TASK DESCRIPTION. Under this line are the records; write out word for word the part that begins at the line containing "Nissan Note 2014, 92,000 km - 1.2 l - Bakı" and ends at the line containing "J&J Room - Hebergement", and no more.

GIVEN INFORMATION.
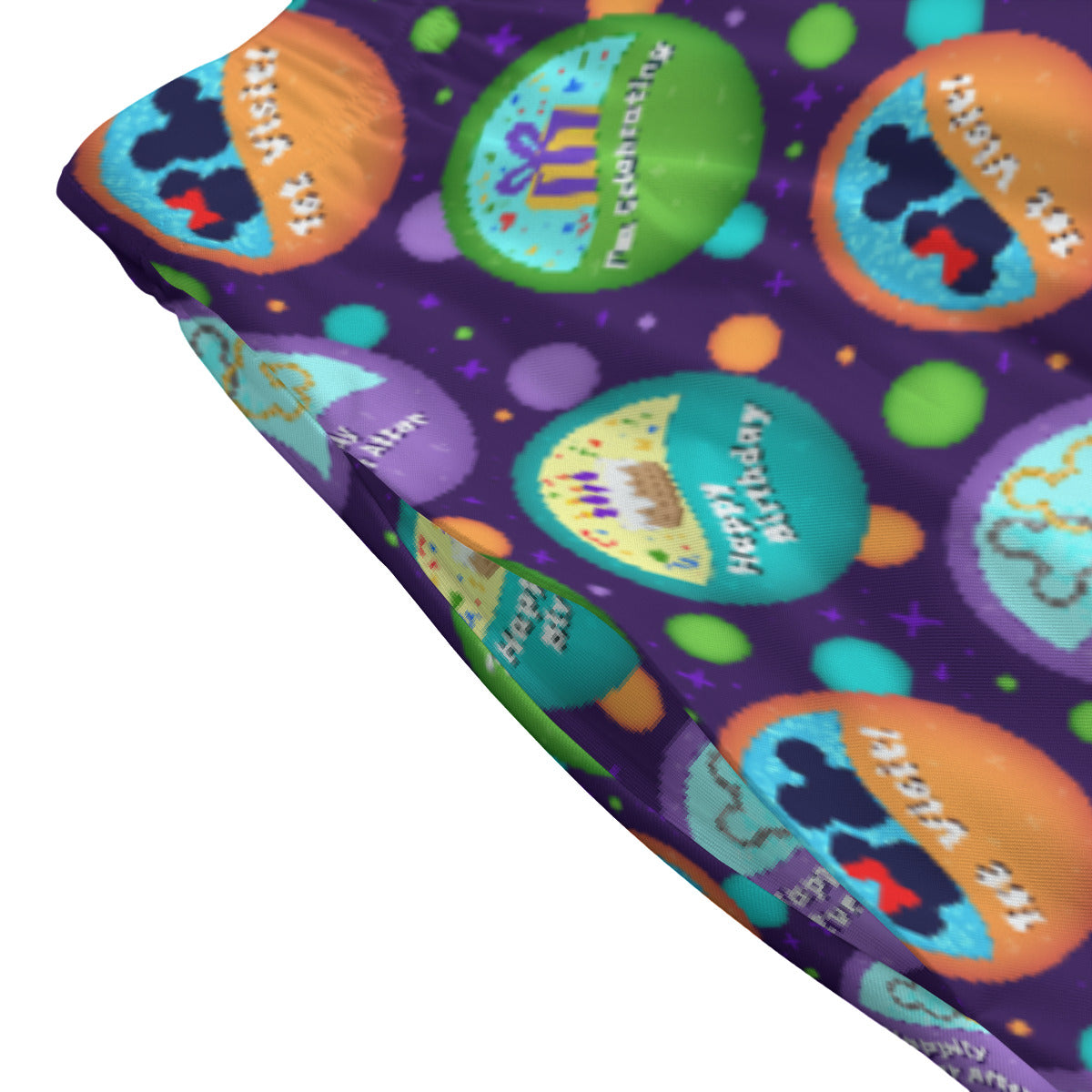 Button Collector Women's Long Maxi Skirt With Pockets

---

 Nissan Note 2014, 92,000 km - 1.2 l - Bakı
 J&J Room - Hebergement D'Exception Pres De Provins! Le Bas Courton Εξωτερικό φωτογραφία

ANSWER TO THIS PROBLEM.
 Nissan Note 2014, 92,000 km - 1.2 l - Bakı
 J&J Room - Hebergement D'Exception Pres De Provins! Le Bas Courton Εξωτερικό φωτογραφία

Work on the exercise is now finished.